WORK INSTRUCTION ->
Your task is to restate word for word the lines in the material below, from the one with "Kitten Season is" up to and including the one with "Poster The Sunflower Field (Front)". Do not carry over the pictures.
(MATERIAL FOR THIS TASK begins)
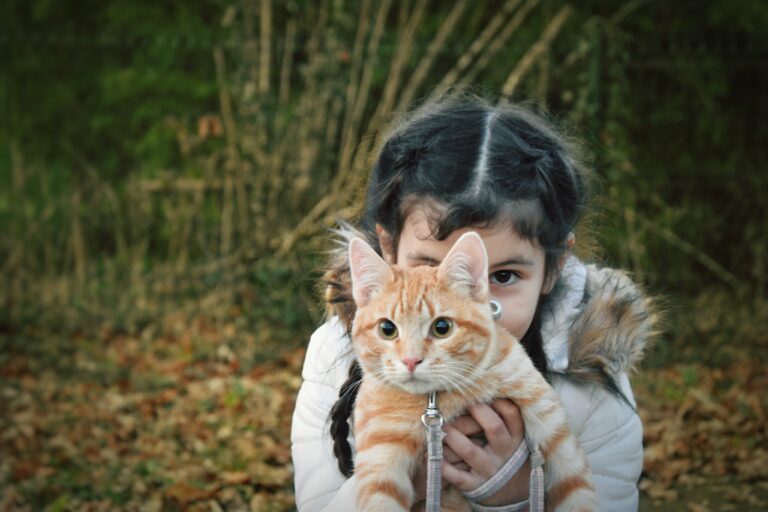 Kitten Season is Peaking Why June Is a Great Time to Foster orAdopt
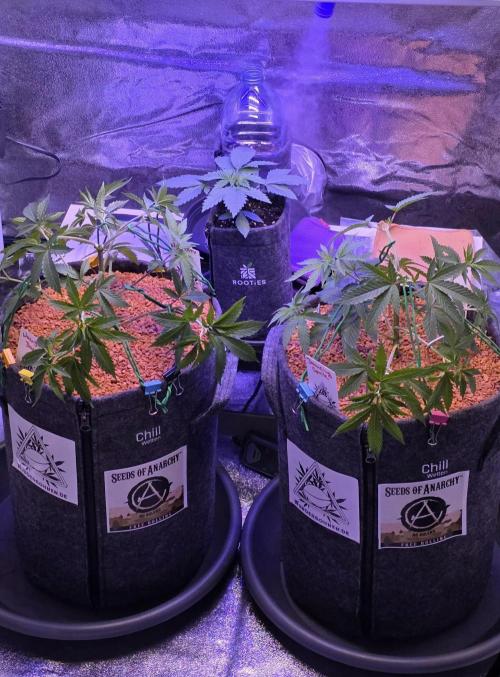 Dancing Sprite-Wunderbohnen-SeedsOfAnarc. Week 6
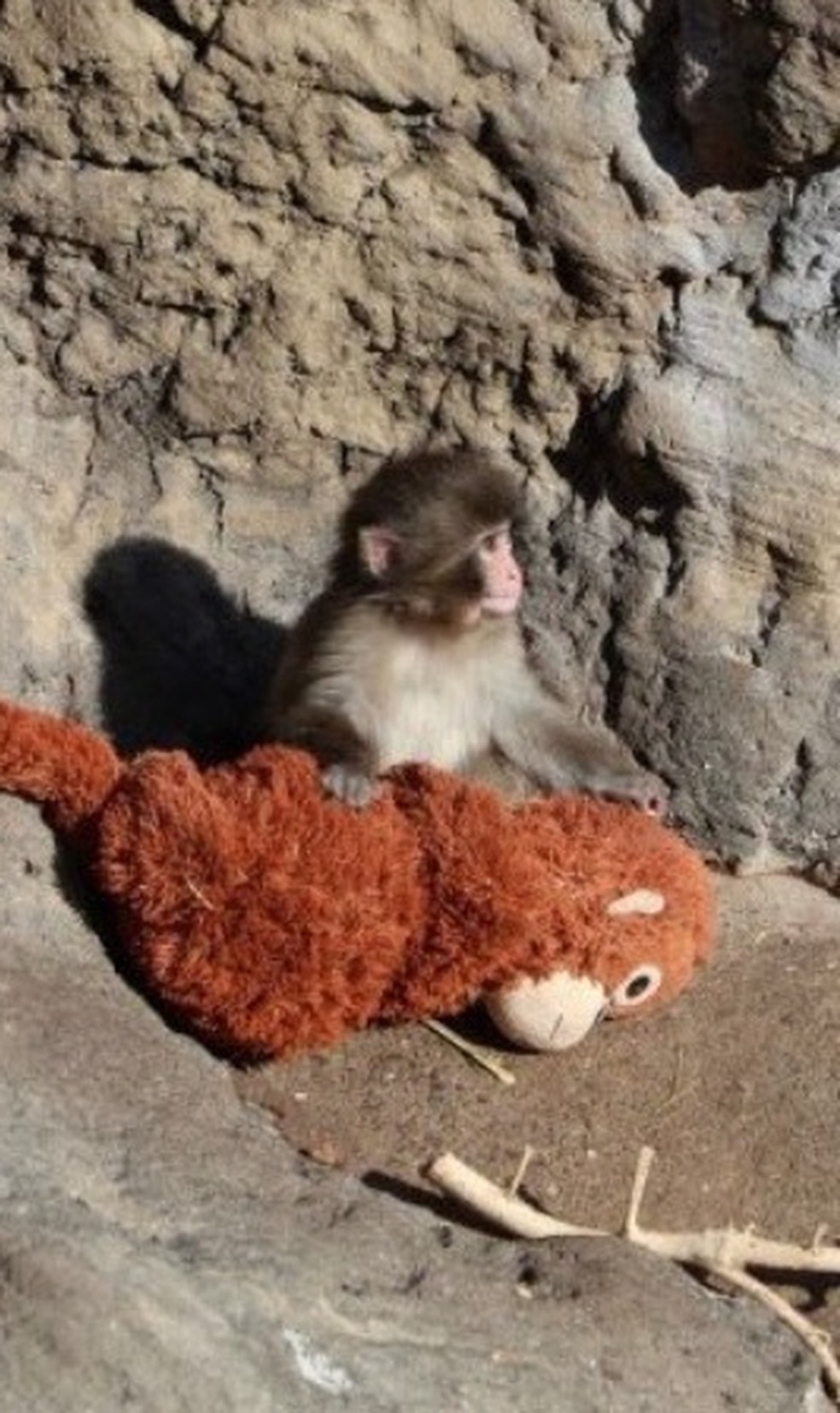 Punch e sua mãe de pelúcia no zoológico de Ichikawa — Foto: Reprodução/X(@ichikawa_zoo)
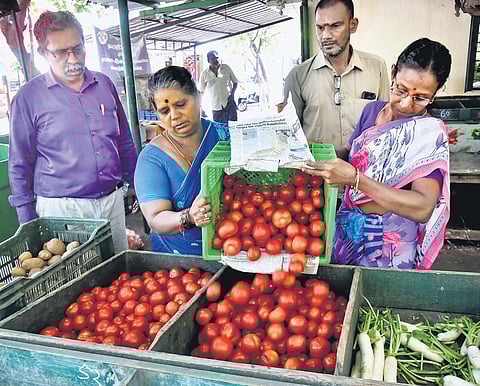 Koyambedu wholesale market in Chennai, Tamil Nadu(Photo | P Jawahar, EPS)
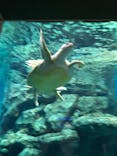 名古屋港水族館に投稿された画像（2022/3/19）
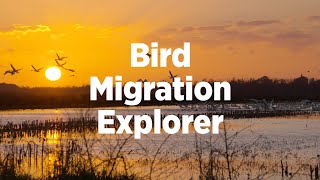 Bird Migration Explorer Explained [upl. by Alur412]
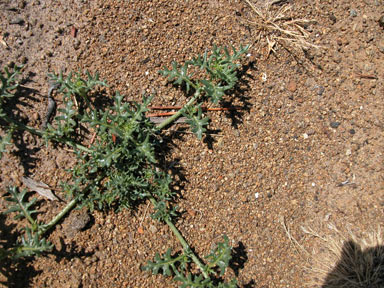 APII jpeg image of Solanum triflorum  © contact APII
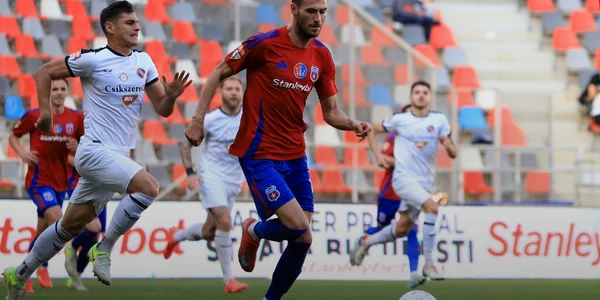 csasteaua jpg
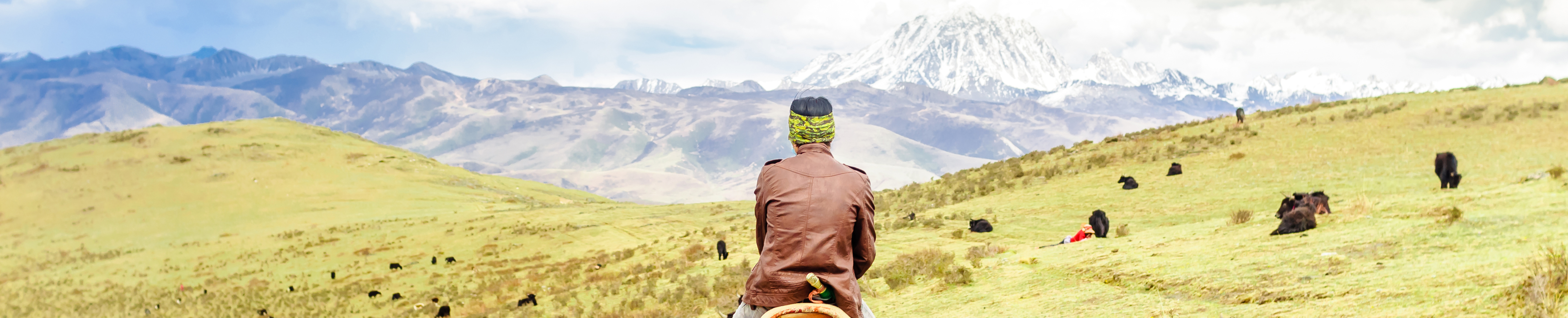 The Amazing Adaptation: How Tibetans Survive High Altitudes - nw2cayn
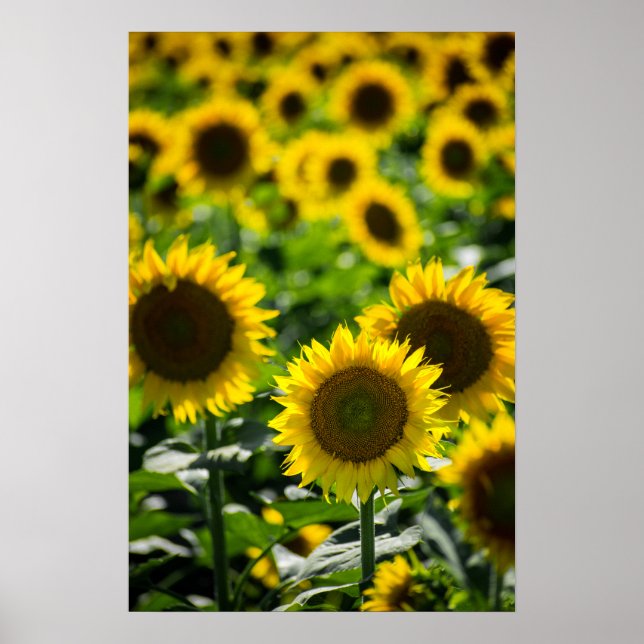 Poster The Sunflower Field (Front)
(MATERIAL FOR THIS TASK ends)
(MATERIAL FOR THIS TASK begins)
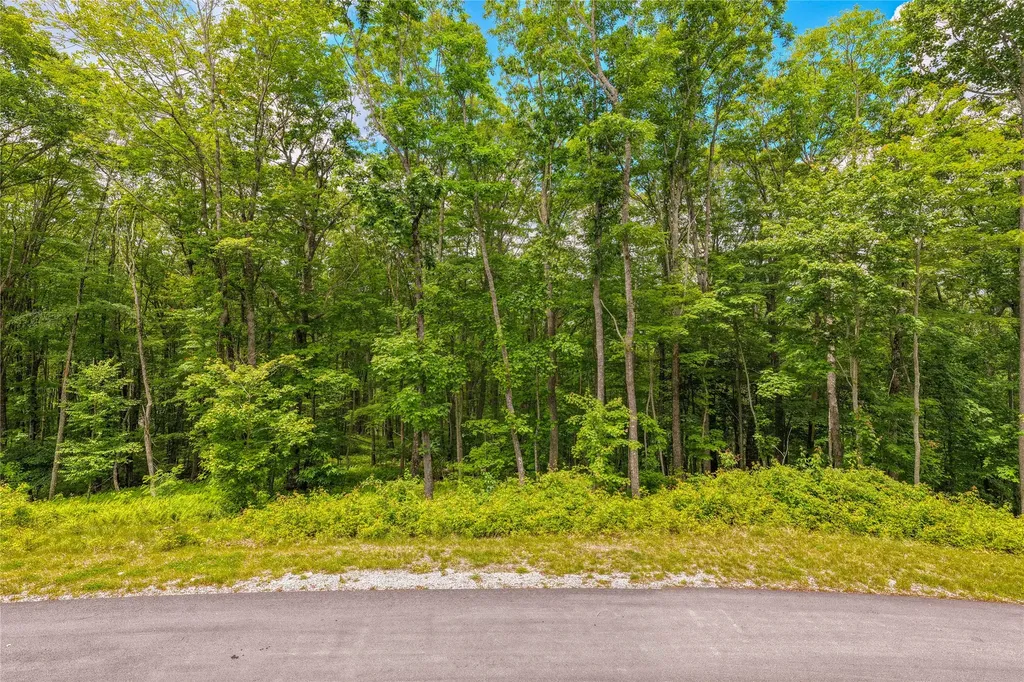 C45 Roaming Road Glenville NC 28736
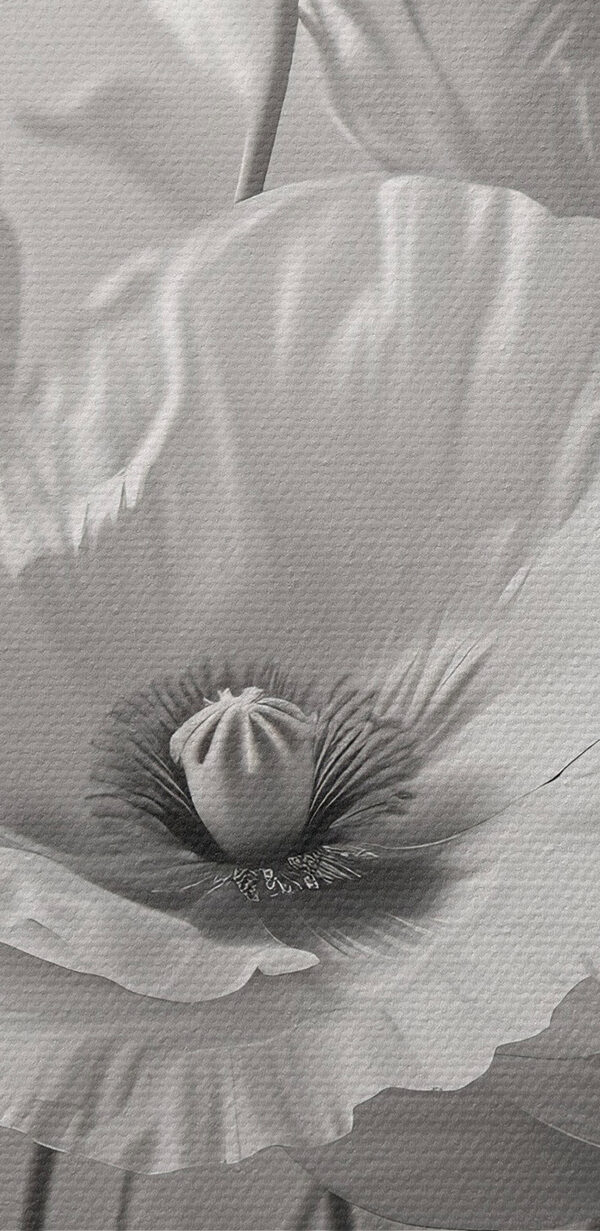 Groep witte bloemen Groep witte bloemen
(MATERIAL FOR THIS TASK ends)
ANSWER SPACE ->
 Kitten Season is Peaking Why June Is a Great Time to Foster orAdopt
 Dancing Sprite-Wunderbohnen-SeedsOfAnarc. Week 6
 Punch e sua mãe de pelúcia no zoológico de Ichikawa — Foto: Reprodução/X(@ichikawa_zoo)
 Koyambedu wholesale market in Chennai, Tamil Nadu(Photo | P Jawahar, EPS)
 名古屋港水族館に投稿された画像（2022/3/19）
 Bird Migration Explorer Explained [upl. by Alur412]
 APII jpeg image of Solanum triflorum  © contact APII
 csasteaua jpg
 The Amazing Adaptation: How Tibetans Survive High Altitudes - nw2cayn
 Poster The Sunflower Field (Front)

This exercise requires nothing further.